I have recently added several things to my library of sounds. I have two hard drives for samples- one is 120GB, and the other is 300GB. I have filled up the 300 to about 200GB of samples right now. It is not functioning well. Everything I play from it pops and clicks no matter what I do with buffer settings. The 120GB drive has only 26GB of space, and everything functions just fine off of it. Do you think it is a bad hard drive? Or did I overfill it? All advice is sincerely appreciated, since I am (of course) on a deadline.

Thank you for the help,

Mark LaPierre

Nickie Fønshauge
07-12-2007, 02:33 AM
Is it defragmented?

How many instruments can you play from the problem drive before they start to p & c?

How fast is it (RPM/seek time)?

Internal/external?

PATA/SATA/eSATA/USB/Firewire?

dvincent
07-12-2007, 06:54 AM
I've had this happen to me several times when adding libraries to my drives. I've found it to be one of three things for me.

1. File Fragmentation. Defrag the drive with software or move to another drive and back to the original drive. (I'm on a Mac)

2. HD space inadequate. I try to minimum 25% empty space on each drive, more if possible.
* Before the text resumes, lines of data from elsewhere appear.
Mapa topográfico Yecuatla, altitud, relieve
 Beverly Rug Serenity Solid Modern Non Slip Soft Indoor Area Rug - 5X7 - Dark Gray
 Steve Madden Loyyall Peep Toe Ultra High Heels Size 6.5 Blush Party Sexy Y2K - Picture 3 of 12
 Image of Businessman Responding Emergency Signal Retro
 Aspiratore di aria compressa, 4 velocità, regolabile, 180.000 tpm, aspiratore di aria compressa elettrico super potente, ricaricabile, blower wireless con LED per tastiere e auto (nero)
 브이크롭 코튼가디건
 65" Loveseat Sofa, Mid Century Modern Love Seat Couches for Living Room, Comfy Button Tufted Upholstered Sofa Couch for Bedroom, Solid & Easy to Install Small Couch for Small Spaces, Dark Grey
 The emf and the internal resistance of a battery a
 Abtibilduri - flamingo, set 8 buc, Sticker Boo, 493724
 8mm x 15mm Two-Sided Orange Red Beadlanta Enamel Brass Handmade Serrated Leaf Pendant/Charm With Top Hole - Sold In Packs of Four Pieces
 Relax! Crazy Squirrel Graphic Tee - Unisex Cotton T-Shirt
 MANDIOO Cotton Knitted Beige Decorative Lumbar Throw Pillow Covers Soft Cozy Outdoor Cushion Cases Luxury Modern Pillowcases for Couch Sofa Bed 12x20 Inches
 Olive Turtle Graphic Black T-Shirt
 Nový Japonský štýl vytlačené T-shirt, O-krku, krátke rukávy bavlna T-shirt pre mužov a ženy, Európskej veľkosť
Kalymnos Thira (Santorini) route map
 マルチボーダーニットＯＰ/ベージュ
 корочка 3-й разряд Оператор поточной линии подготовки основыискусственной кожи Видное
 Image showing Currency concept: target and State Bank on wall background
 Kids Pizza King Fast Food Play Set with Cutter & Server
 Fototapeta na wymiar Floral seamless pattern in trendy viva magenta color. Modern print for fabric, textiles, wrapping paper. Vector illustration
Looks like you checked this out already.

3. Too many instruments with lots of layers. MOD controlled dynamics work the HDs harder even though "only one note" is playing. They add up quickly.

Good luck!

Mark LaPierre
07-12-2007, 10:14 AM
Yes it is defragmented. 7200rpm. Internal ide drive. NO NOTES CAN PLAY WITHOUT POPPING. None whatsoever. Totally freaking me out. The drive is only a year old, so I guess I'll call Seagate today and see if they have anything to say. Any other thoughts?


Thank you.

Mark

Nickie Fønshauge
07-12-2007, 10:28 AM
Have you tried exchanging the drive's IDE cable? I remember something like this once came up. I seem to remember it was due to a faulty/wrong IDE cable.

Use an 80 conductor IDE cable.

cmdratz
07-12-2007, 11:22 AM
Use a S.M.A.R.T tool to analyze the drive(s) (http://en.wikipedia.org/wiki/S.M.A.R.T). One can find some free drive analysis tools wich support it at http://www.tucows.com. Assure that the critical categories are of acceptable status. Poor performance in any of those categories can be grounds for RMAing a drive for a replacement.

Mark LaPierre
07-12-2007, 03:56 PM
So I've replaced the IDE cable- no dice. I'm now using Seagate's tool to analyze the disk itself. So now I get to suffer for 4 hours while I wait for it to tell me something! I'll let you know what this is when I get it solved. Meanwhile, if anyone else has more clues- please chime in!

Thank you.

Mark

Nickie Fønshauge
07-12-2007, 04:38 PM
Meanwhile, if anyone else has more clues- please chime in!
None, except make sure the BIOS is set to the correct DMA Mode (UDMA5).

Mark LaPierre
07-12-2007, 05:38 PM
Closer and closer it seems. My Tranfer mode for the hard drive that is unhappy is PIO right now. I will unistall it and reboot and see if it bumps it back to DMA 5.

More in a bit!

Mark

cmdratz
07-12-2007, 05:58 PM
Seatools to my knowledge does not offer S.M.A.R.T information; I Highly recommend using a tool that does. As you observe, if your your drive throughput was choked by the transfer mode, that could be the simple cause for the problem.

Mark LaPierre
07-12-2007, 07:42 PM
First of all- thanks to everyone for chiming in to help.
Problem is solved!

Nickie- you are the best. This is the second time you've saved me. It turns out the if Windows XP detects any problems with your drivee (and there would have been, because I had a 40 IDE cable, not 80 at first) then it will dump the drives back to PIO. So the answer is uninstall, and reboot, and it now works perfectly. Thank you so much.